Si algo se puede afirmar con alguna certeza acerca de las
dificultades que están pasando las fuerzas progresistas en América Latina, es que esos problemas se asientan en el hecho de que sus
gobiernos no enfrentaron ni la cuestión de la Constitución ni la de la
hegemonía. En el caso de Brasil, este hecho es particularmente
dramático. Y explica en parte que los enormes avances sociales de los
gobiernos de la época de Lula sean ahora tan fácilmente reducidos a
meros expedientes populistas y oportunistas, incluso por parte de sus
beneficiarios.

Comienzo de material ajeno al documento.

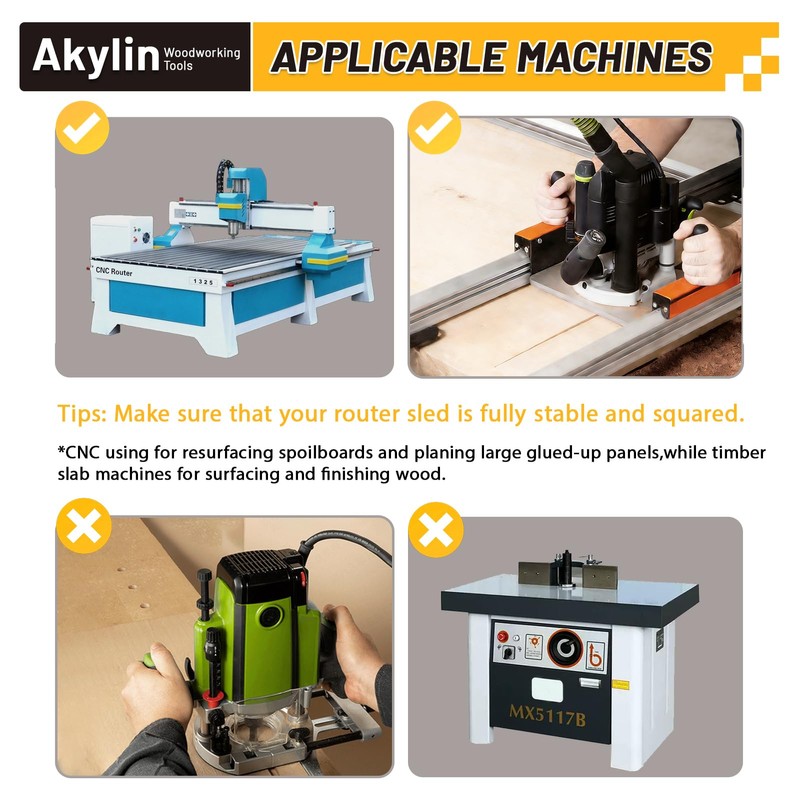 Akylintools CNC Slab Flattening Router Bit 1/2 Shank,Surfacing Bits 2"
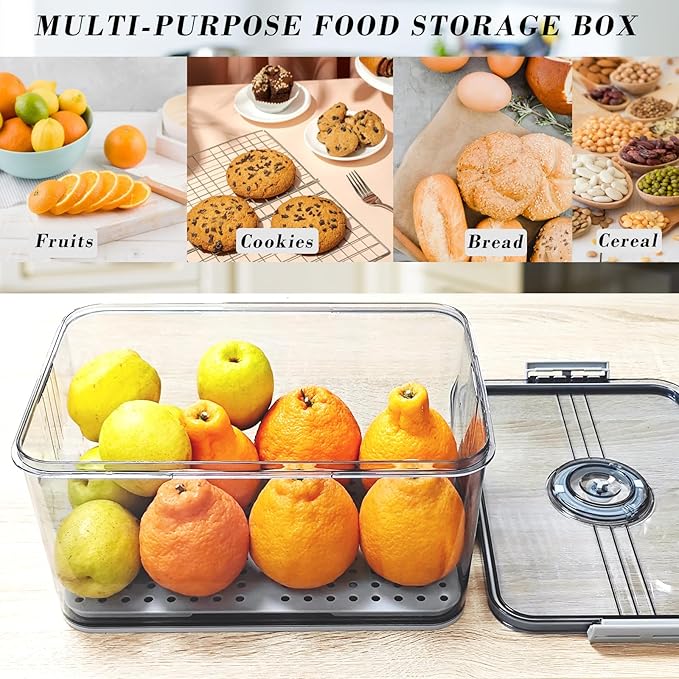 Bread Box Bread Boxes with Lid for Kitchen Counter, Airtight Loaf Bread Storage Container,Large Time Recording Bread Keeper for Homemade Bread, Toast, Bagel, Donut and Cookies (Grey)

Explica también que los muchos errores cometidos (para
comenzar, haber desistido de la reforma política y de la regulación de
los medios de comunicación, algunos de los cuales dejan heridas abiertas
en grupos sociales importantes, tan diversos como los campesinos sin
tierra ni reforma agraria, los jóvenes negros víctimas de racismo, los
pueblos indígenas ilegalmente expulsados de sus territorios ancestrales,
pueblos indígenas y quilombolas con reservas homologadas pero
engavetadas, militarización de las periferias de las grandes ciudades,
poblaciones rurales envenenadas por agrotóxicos, etcétera) no sean
considerados errores, sino que sean omitidos y hasta convertidos en
virtudes políticas o, al menos, sean aceptados como consecuencias
inevitables de un gobierno realista y desarrollista.
Las tareas
incumplidas de la Constitución y de la hegemonía explican también que la
condena de la tentación capitalista por gobiernos de izquierda se
centre en la corrupción y, por tanto, en la inmoralidad e ilegalidad del
capitalismo, no en la injusticia sistemática de un sistema de
dominación que se puede realizar en perfecto cumplimiento de la
legalidad y la moralidad capitalistas.